"""

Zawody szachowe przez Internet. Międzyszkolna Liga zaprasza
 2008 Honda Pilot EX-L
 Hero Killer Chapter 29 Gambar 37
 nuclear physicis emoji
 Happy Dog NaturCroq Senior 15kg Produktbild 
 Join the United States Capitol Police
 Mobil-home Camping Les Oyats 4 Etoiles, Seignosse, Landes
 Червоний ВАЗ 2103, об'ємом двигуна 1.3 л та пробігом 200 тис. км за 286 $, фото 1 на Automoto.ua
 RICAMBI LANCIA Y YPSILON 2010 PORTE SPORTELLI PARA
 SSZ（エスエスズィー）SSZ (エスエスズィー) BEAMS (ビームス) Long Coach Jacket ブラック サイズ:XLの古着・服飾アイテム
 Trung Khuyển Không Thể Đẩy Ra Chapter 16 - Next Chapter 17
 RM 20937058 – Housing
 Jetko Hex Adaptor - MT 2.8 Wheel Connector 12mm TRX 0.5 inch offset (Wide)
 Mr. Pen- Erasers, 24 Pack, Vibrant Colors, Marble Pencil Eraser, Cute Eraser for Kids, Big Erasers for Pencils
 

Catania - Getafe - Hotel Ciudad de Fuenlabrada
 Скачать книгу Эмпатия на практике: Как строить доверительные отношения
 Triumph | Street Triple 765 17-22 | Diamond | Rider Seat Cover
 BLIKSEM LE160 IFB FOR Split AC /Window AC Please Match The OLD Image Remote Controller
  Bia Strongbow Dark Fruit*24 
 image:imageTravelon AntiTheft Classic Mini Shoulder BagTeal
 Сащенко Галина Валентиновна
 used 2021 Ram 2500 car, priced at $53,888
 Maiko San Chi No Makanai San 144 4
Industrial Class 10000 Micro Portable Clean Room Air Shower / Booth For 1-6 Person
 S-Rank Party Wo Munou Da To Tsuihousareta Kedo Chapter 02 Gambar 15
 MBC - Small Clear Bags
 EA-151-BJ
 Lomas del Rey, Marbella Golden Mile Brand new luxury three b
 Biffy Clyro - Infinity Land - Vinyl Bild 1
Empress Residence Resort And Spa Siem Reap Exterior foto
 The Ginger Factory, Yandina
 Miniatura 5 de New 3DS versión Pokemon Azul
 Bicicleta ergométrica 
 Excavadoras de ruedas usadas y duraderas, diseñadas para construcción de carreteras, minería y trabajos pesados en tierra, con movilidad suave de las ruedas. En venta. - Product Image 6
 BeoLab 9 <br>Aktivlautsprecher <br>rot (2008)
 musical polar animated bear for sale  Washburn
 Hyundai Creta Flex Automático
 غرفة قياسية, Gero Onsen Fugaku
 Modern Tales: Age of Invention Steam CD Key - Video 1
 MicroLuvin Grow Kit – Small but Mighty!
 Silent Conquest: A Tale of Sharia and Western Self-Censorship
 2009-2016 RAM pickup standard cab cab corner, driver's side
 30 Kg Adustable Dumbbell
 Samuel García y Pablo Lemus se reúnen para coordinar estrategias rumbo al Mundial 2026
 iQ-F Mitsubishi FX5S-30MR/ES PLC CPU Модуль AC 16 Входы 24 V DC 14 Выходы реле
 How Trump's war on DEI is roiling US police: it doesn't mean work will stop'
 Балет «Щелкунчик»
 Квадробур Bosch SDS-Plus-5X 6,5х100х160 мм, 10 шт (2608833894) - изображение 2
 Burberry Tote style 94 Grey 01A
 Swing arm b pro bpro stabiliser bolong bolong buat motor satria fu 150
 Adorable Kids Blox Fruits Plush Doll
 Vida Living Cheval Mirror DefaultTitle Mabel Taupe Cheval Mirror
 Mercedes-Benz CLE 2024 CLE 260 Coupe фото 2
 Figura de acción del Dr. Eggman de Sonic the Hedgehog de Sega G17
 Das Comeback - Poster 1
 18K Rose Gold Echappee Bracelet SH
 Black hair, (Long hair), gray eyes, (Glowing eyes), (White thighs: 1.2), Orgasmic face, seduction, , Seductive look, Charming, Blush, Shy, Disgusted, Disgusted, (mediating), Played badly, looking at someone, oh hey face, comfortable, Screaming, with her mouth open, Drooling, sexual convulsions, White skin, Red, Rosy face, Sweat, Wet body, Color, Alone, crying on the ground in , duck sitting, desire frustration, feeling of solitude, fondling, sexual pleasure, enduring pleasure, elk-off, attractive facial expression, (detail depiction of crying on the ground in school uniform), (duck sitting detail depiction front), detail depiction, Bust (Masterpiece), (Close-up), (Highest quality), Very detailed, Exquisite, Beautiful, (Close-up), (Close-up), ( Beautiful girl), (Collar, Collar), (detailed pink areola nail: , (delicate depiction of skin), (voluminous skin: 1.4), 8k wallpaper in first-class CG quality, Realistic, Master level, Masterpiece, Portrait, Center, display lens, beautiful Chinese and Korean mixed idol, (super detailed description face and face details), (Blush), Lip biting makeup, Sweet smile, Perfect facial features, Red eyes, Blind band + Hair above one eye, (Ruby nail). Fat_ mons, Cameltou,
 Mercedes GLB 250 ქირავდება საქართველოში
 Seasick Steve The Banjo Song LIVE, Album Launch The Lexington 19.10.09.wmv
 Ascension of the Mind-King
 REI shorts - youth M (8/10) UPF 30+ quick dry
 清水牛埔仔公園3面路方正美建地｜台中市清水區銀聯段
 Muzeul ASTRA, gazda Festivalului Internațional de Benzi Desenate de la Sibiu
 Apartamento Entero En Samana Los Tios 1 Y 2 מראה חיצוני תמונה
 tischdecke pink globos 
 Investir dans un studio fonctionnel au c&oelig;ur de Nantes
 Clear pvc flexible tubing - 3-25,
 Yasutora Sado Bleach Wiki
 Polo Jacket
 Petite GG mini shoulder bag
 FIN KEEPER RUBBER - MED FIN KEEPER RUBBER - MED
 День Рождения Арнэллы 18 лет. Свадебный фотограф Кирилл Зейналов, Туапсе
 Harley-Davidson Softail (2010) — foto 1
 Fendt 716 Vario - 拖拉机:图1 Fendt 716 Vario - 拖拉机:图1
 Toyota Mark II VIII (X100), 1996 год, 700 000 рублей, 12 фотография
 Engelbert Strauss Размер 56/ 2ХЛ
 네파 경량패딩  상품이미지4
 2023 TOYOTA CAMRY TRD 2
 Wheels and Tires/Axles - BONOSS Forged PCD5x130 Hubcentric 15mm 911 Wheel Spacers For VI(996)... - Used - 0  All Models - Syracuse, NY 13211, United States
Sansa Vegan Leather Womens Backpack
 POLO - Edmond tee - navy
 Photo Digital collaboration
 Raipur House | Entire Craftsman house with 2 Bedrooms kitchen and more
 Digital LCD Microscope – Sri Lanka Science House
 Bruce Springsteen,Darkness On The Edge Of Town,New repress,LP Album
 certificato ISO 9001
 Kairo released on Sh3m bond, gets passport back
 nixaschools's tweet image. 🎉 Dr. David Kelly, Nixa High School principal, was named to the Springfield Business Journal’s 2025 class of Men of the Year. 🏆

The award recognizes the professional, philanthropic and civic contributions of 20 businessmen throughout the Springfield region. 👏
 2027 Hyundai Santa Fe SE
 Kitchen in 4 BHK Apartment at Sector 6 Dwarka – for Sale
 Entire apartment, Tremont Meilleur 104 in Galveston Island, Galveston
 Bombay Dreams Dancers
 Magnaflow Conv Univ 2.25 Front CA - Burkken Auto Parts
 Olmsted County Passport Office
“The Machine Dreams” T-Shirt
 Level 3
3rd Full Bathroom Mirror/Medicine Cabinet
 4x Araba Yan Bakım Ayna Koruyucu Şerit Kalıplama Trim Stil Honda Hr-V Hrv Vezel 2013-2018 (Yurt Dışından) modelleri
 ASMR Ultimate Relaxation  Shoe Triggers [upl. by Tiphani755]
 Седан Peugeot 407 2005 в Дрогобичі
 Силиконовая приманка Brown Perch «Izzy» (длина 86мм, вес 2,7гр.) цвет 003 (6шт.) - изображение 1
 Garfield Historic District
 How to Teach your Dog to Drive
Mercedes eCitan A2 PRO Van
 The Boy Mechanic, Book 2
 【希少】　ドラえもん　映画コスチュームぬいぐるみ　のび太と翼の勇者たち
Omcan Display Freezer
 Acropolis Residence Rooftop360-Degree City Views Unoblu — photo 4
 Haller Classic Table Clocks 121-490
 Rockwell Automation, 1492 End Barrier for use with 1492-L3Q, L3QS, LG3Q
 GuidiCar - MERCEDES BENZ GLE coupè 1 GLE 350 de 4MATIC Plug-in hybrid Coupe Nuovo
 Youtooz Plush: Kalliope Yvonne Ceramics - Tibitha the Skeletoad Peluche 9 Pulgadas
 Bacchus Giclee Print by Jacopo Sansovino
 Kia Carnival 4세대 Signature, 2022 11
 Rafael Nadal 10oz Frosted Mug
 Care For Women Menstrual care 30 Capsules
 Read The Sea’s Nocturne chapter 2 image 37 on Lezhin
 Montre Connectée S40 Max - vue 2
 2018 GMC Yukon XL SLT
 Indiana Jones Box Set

"""

→ **Directions for this task**
Count the lines of the entries that hold the string "House", then state that number and nothing more.

→ **Your response**
2